Lexington, SC (Paul Kirby) – Students from Lexington High School had a great opportunity Thursday to expand their knowledge of science, technology, engineering, and math (STEM) from some US Army soldiers and pilots as well as a group of dedicated volunteers from the Celebrate Freedom Foundation (CFF). They did this by getting an up-close look at an amazing helicopter, some state-of-the-art drones, and other exciting, hands- on displays.    

 

The experience Thursday was sponsored for the students by School District One's STEM program. STEM is an acronym for the fields of science, technology, engineering and math. STEM-related programs have become a priority because educators and business leaders across the US have realized that too few college students were pursuing degrees in these fields, yet the need for employees with this type of training was expanding. 

 

In Lexington, as is the case in other areas, the Army partners with the CFF to expose and excite the students about opportunity to explore those STEM fields through CFF’s Project SOaR™ (Student/School Opportunities and Recruitment). This program helps the army reach high school students through STEM programs. It informs students of the opportunities that are available to them, particularly in the field of aviation.

 

Thursday at LHS, two experienced pilots from the army landed a AH-1 Cobra Attack Helicopter on the track area at the school. This is a helicopter that was first developed in the 1960’s for use in Vietnam, but was updated continuously and used by the army  in active service until 1999. That aircraft that participated in the fly-in at LHS is affectionately named “Maggie." A second helicopter of the same model was also there on a trailer for demonstration and display named “Lena.”  

 

Maggie has been lovingly restored with a Vietnam era “Tiger Stripe” paint job and is still loaded with some deadly technology.

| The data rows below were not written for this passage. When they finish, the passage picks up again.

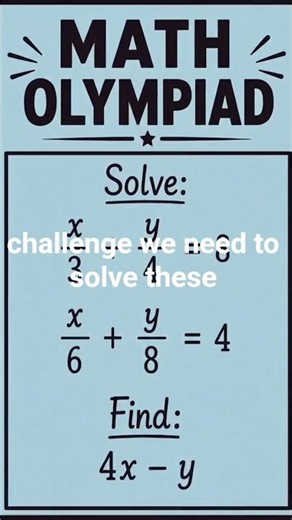 Only 1% Can Solve This Simultaneous Equations Challenge! | Math Olympiad 🧠zz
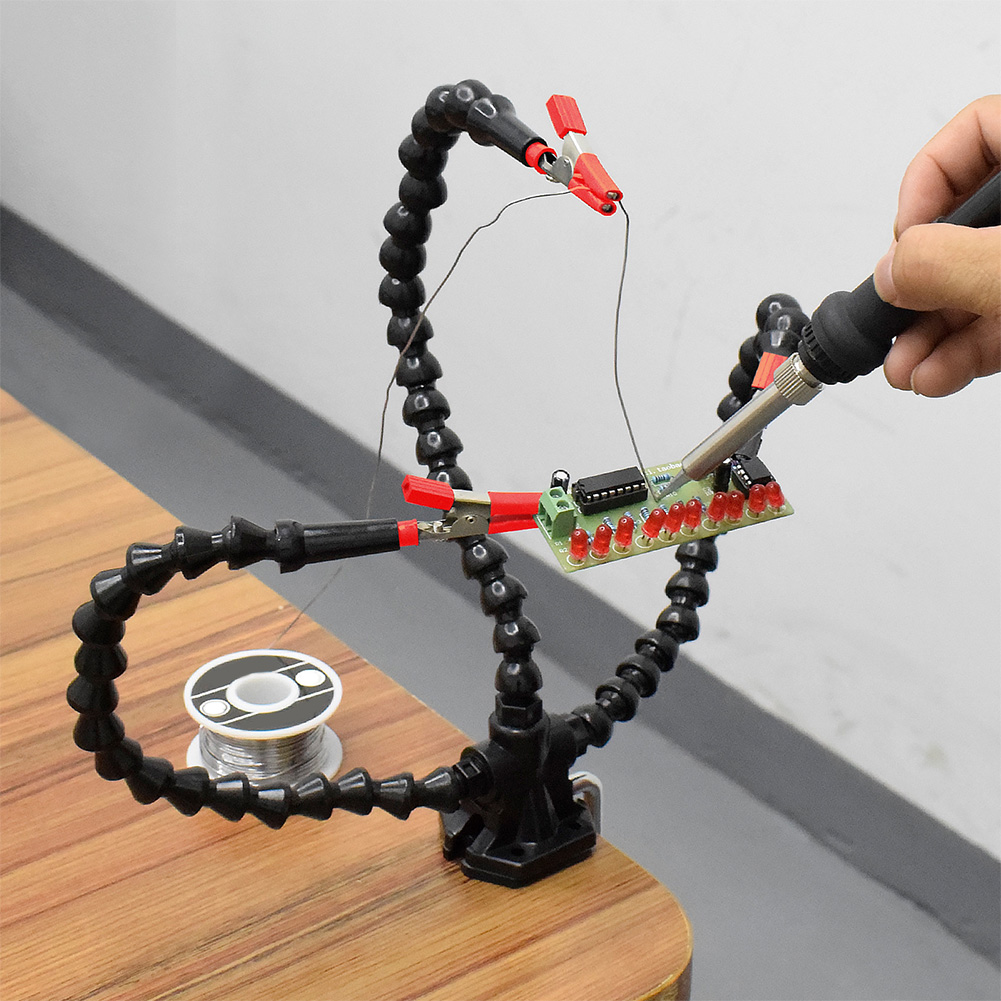 مكتب المشبك لحام مساعدة اليد 3 - مراجعة Electronics Repair Desk وسعره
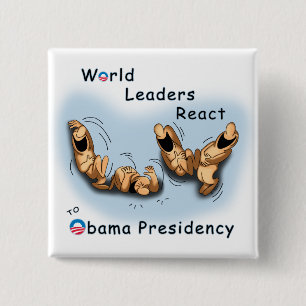 Weltmarktführer reagieren (Obama) Button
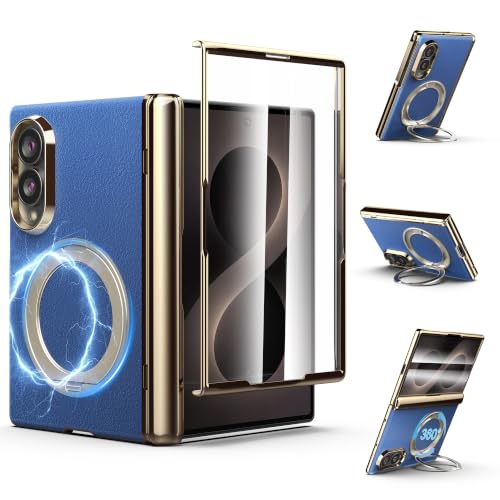 Funda Samsung Galaxy Z Fold 8 con soporte ajustable 360 y anillo MagSafe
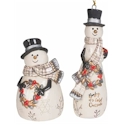 Fitz and Floyd Wintry Woods Snowman Ornament and Bell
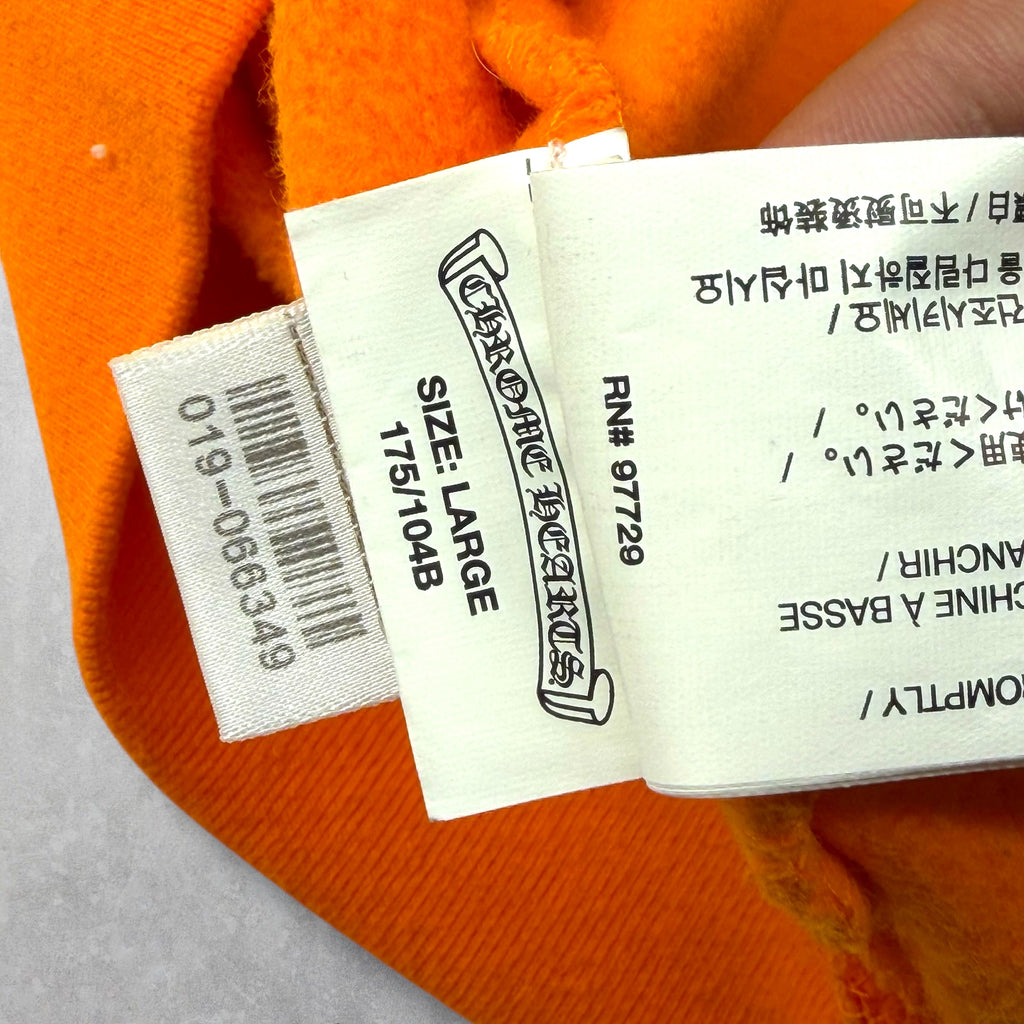 Chrome Hearts x Off-White Scroll Logo Hoodie Orange L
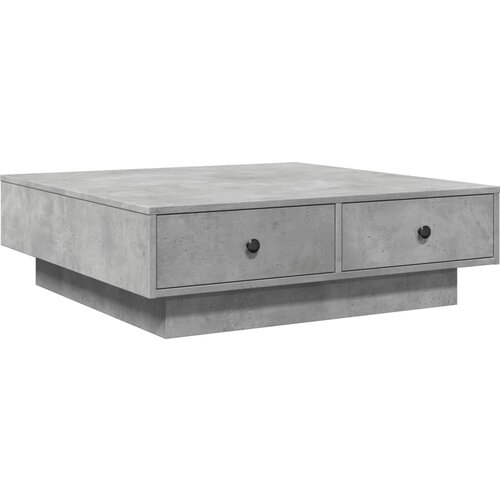 Maison Chic Klubska mizica - kavna mizica - Nizka mizica betonsko siva 90x90x28 cm iverna plošča, (21754594) Cene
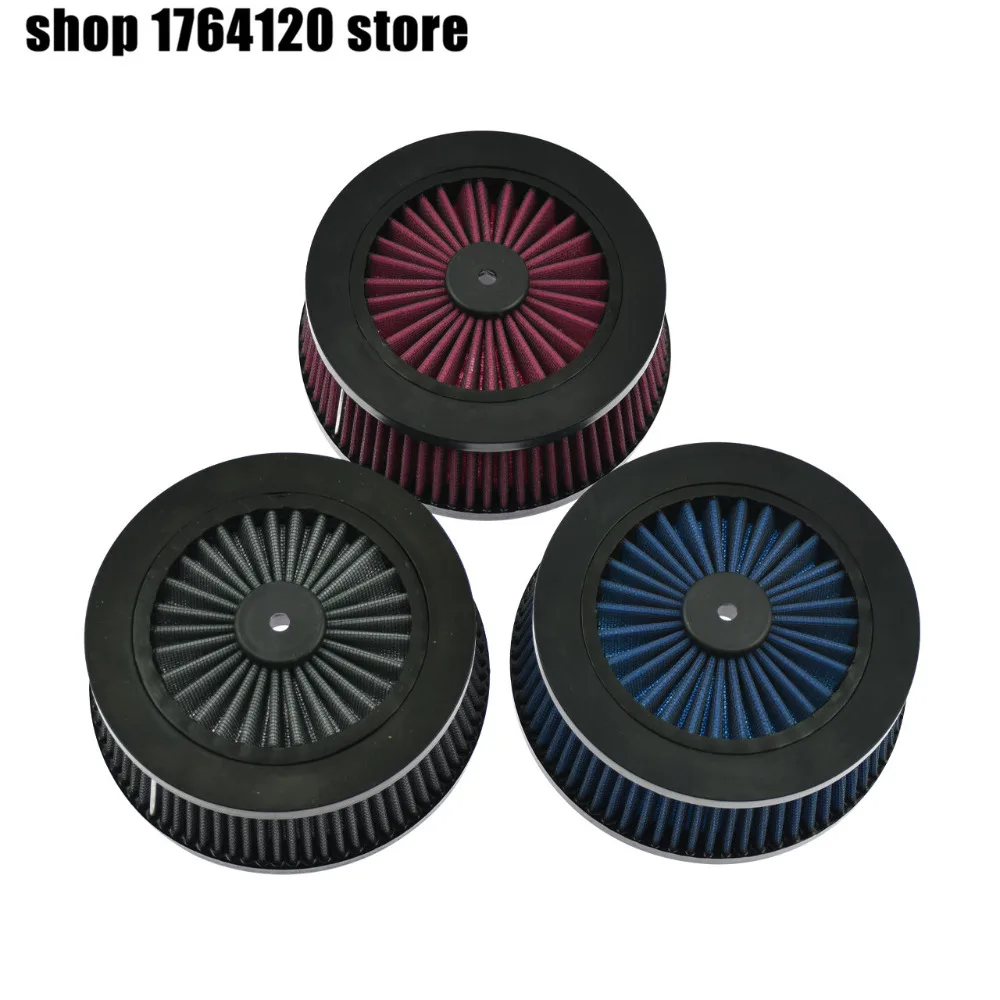 Filtro de Entrada Cinza para Harley Motocicleta Mais Limpo Azul Elemento Repalecment Vermelho - Sportster xl 883 1200 48 72 Touring Flstn ar 2 Filtros de ar e sistemas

That includes a 20 mm Gatling gun, TOW missiles, point and shoot rocket pods, and other high tech designators and gadgetry. There are two seats, one elevated behind the other and a powerful turbine engine to make her fly. She is maintained and flown out of the Doolittle Flight Center building at Columbia Metro. Her pilots are stationed at Shaw Air Force base in Sumter.  

 

In addition to the choppers, there were displays that featured three modern rotors lifted drones and a display of tools and computer cut maintenance aircraft tools as well. All of these displays were manned by the CFF volunteers, many of whom themselves were military aviators, engineers, or aircraft technicians. 

 

Before the event at the school, Lt. Col. Robert Garbarino, Commander of the Columbia Army Recruiting Battalion said, “Our goal is to stimulate or reinforce student interest in STEM courses by bringing these assets to the school. Students and educators will see that the army has a variety of technical jobs in aviation and those that support aviation.” 

 

Each of the students who participated Thursday were shown specific reasons why they should stay in school and concentrate on STEM courses. They also learned the importance of college and value of other educational opportunities, such as technical schools and those provided by the U.S. Military. 

 

In a statement released prior to the event, Dr. Russell David, CFF’s Aviation/Aerospace Education Directorsaid, “STEM subjects are not just important, they are essential to the success of millions of children who hope for a profitable future.” He went on to point out that we’re living in the age of technology, and today’s students have a tremendous opportunity to excel if they pursue an education in STEM related fields. 

 

L.A. Sully, our area’s Chief Advertising and Public Affairs Officer said Thursday that the Army and CFF were excited to break the ice with this program in Lexington. She said that in many cases they have to approach schools about this innovative and exciting way to learn. “We would love to get to the point where schools are contacting us about hosting the program at other places around the county, the state, and the region.”  

 

If you would like to explore having this program come to your school, you can contact Mrs. Sully at (803) 751-0950. You can also reach her by e-mail at leslie.a.sully.civ@mail.mil. To learn more about an exciting career in the US Army go to www.goarmy.com.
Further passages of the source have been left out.